Start of EXERCISE DATA

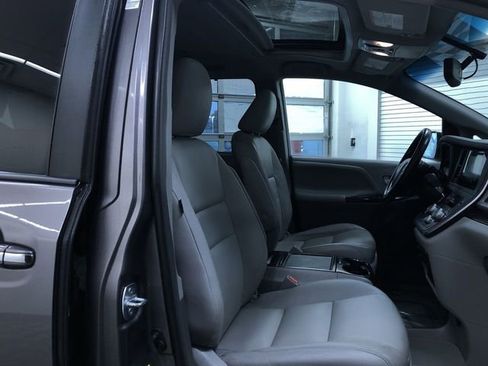 Used 2015 Toyota Sienna XLE image 26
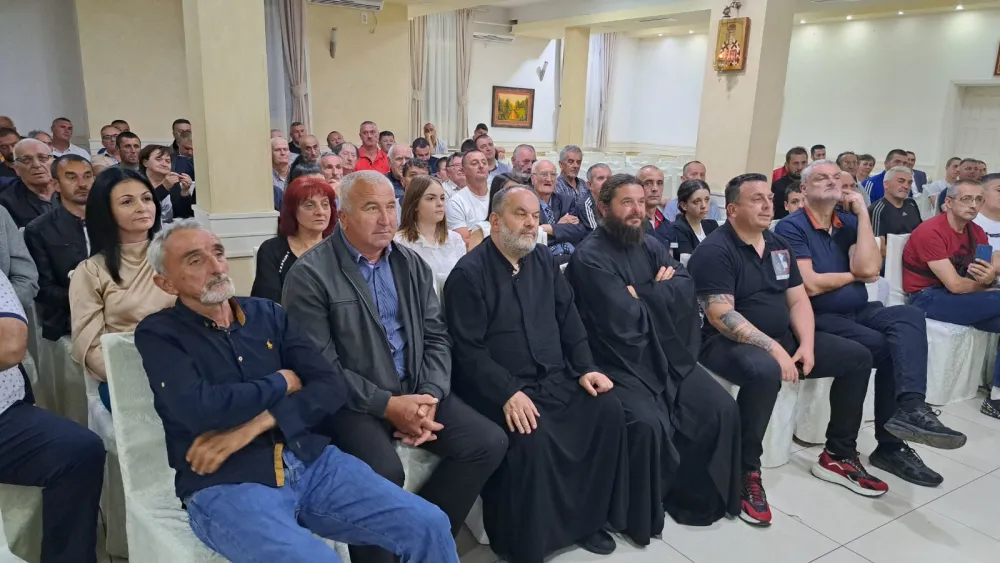 Humanitarno veče gulsara i epske poeziјe: Za obnovu manastira Kom prikupljeno 1.500 eura
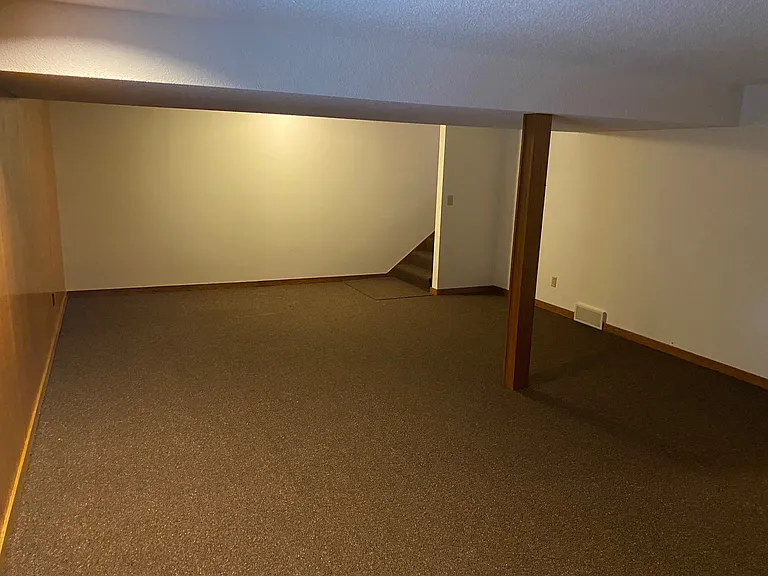 4813 Russell St — Photo 14
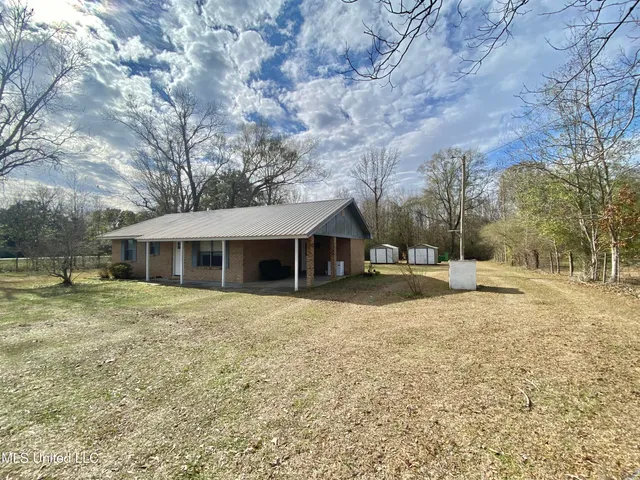 $169,900 | 2221 Highway 63, Lucedale, MS 39452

End of EXERCISE DATA

> **EXERCISE INSTRUCTIONS**:
After locating the line that holds "4813 Russell St — Photo 14", output exactly the lines from it through the last line of the material above, inclusive, without pictures.

> **RESULT BELOW**:
 4813 Russell St — Photo 14
 $169,900 | 2221 Highway 63, Lucedale, MS 39452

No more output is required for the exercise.